Task item:
Scan the records and identify every line in which the string "With" occurs, then return those lines.

Stored records:

++++++++++

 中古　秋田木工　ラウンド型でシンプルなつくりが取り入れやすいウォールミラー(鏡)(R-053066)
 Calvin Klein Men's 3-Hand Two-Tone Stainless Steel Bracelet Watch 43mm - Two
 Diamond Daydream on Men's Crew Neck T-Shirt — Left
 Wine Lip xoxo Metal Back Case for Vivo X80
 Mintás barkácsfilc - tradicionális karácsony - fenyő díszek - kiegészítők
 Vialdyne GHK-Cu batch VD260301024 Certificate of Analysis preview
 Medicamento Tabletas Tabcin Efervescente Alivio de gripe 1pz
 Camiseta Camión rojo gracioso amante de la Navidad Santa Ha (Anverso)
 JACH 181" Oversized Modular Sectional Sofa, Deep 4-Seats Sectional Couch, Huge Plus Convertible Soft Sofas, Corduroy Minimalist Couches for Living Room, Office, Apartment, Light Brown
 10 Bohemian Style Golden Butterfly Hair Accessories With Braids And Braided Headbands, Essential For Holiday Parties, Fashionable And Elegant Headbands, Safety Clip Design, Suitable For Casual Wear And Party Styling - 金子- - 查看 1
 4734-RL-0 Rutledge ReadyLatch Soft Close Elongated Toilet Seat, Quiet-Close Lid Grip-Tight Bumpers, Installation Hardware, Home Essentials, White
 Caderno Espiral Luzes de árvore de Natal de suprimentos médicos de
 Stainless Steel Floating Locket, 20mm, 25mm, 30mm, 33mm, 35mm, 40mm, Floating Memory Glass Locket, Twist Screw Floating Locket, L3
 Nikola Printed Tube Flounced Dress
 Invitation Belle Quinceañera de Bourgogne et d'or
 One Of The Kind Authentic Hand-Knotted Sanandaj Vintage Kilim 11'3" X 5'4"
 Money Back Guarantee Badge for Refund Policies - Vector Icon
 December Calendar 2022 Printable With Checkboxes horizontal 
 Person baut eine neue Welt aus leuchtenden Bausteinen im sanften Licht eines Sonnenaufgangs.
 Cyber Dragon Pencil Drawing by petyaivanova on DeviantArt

++++++++++

Completed exercise:
 10 Bohemian Style Golden Butterfly Hair Accessories With Braids And Braided Headbands, Essential For Holiday Parties, Fashionable And Elegant Headbands, Safety Clip Design, Suitable For Casual Wear And Party Styling - 金子- - 查看 1
 December Calendar 2022 Printable With Checkboxes horizontal 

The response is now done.